COMPOSITION DE LA COUR
En application des dispositions des articles 805 et 907 du Code de procédure civile, l’affaire a été débattue le 12 Mai 2025, en audience publique, les avocats ne s’y étant pas opposés, devant I. MARTIN DE LA MOUTTE, conseillère, chargée du rapport et M. NORGUET, conseillère. Ces magistrats ont rendu compte des plaidoiries dans le délibéré de la Cour, composée de :
V. SALMERON, présidente
I. MARTIN DE LA MOUTTE, conseillère
M. NORGUET, conseillère
Greffier, lors des débats : A. CAVAN
ARRET :
— Contradictoire
— prononcé publiquement par mise à disposition au greffe après avis aux parties
— signé par V. SALMERON, présidente, et par A. CAVAN, greffier de chambre
Exposé des faits et de la procédure
Suivant acte sous seing-privé en date des 18 décembre 2018 et 2 mai 2019, la société Valocîme a conclu avec la SCI Walter Bayard une convention de mise à disposition portant sur la terrasse de l’immeuble sis [Adresse 2] cadastré section A2 n°[Cadastre 4]. La mise à disposition était consentie à compter du 1er janvier 2022.
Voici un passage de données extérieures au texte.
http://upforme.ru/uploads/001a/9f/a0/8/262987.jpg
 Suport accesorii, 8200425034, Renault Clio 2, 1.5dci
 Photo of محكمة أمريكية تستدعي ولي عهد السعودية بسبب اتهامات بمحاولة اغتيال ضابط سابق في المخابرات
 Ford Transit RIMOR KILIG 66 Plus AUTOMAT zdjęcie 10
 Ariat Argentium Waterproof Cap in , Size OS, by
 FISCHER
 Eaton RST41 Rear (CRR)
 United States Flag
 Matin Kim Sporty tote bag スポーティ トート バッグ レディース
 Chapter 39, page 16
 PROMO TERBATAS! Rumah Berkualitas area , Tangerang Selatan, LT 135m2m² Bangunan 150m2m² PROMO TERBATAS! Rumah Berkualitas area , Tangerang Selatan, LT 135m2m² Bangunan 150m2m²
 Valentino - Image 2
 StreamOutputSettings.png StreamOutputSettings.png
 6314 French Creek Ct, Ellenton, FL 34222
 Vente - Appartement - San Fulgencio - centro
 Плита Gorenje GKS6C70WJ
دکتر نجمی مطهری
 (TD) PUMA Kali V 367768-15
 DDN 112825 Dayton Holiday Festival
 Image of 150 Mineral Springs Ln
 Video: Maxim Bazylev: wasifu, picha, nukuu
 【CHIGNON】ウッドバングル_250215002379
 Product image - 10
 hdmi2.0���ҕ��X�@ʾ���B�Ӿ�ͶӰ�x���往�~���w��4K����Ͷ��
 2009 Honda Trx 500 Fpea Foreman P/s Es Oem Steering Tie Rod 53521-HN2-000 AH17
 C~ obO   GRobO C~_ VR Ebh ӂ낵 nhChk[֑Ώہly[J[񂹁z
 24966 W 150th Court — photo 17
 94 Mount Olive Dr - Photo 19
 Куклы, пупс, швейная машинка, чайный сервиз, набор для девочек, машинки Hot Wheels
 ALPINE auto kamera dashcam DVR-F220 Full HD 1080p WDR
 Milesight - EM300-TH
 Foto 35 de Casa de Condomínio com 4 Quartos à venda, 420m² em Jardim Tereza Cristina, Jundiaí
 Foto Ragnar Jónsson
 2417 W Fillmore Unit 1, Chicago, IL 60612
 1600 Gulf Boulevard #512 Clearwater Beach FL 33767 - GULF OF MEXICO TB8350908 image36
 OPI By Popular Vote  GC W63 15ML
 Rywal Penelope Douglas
Cette terrasse était alors occupée en vertu d’un bail civil conclu le 23 octobre 2000 pour une durée initiale de 12 ans, avec effet au 1er novembre 2000, par la société Hivory, venant aux droits de la société SFR. Par avenant du 3 décembre 2012, la durée du bail a été réduite à 9 ans à compter du 1er janvier 2013, soit jusqu’au 31 décembre 2021, renouvelable tacitement par périodes successives de 3 ans sauf résiliation de l’une des parties notifiée à l’autre par lettre recommandée avec demande d’avis de réception respectant un préavis de 12 mois au moins.
Par lettre recommandée avec demande d’avis de réception du 12 mai 2020, la société Valocîme a notifié à la société Hivory la décision de la bailleresse de ne pas renouveler le bail postérieurement au 31 décembre 2021.
Les lieux n’ayant pas été libérée au 1er janvier 2022, la société Valocîme a par lettre recommandée avec demande d’avis de réception du 12 mai 2020, mis en demeure la société Hivory d’avoir à quitter les lieux sous huitaine.
Suivant acte de commissaire de justice du 2 avril 2024, la SAS Valocîme a fait assigner en référé la société Hivory aux fins d’obtenir son expulsion.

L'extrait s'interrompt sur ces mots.